Task →
Retype the lines of the material below, exactly and only, from the one containing "مملوكة مسبقًا Diane" through the last line, with pictures left out.

Data excerpt →
----------

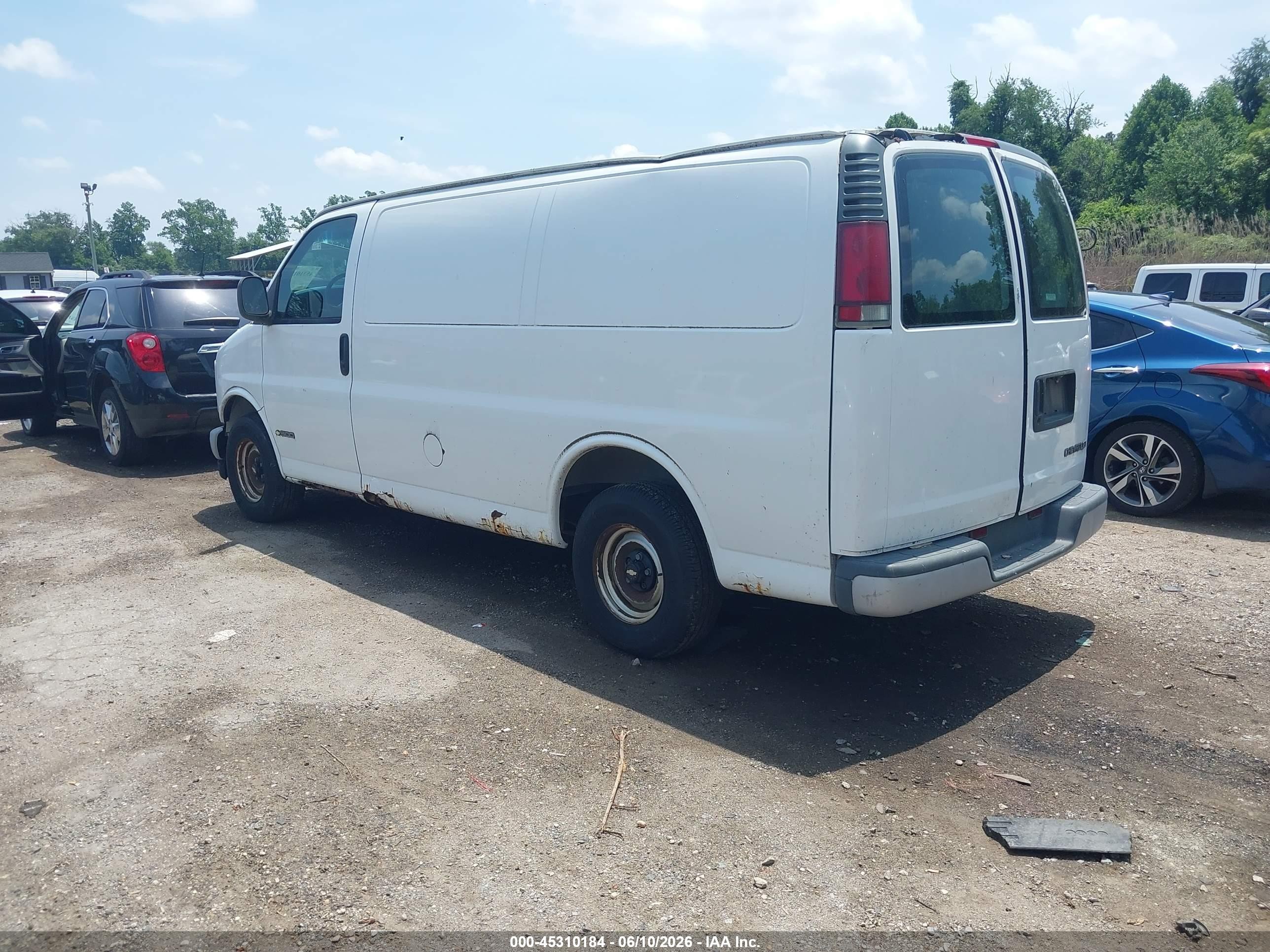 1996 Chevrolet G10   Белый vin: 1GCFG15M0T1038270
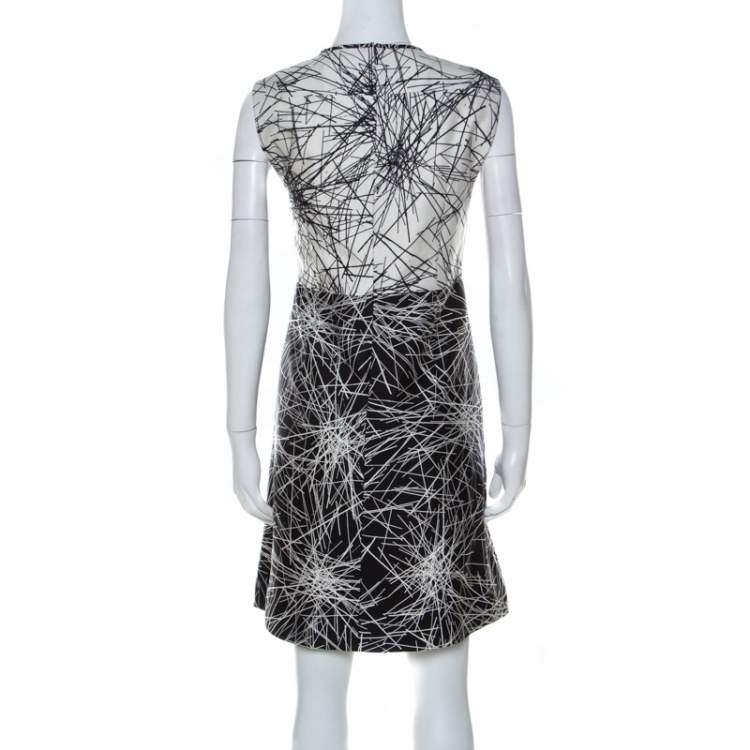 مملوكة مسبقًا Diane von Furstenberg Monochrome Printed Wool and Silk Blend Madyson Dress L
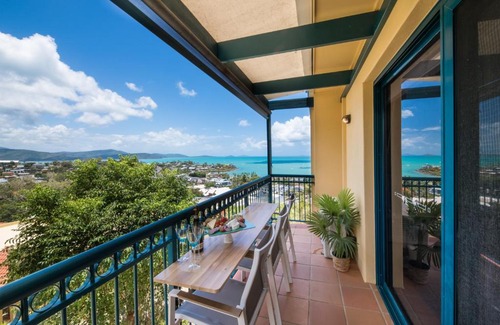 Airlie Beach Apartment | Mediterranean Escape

----------

Exercise answer →
 مملوكة مسبقًا Diane von Furstenberg Monochrome Printed Wool and Silk Blend Madyson Dress L
 Airlie Beach Apartment | Mediterranean Escape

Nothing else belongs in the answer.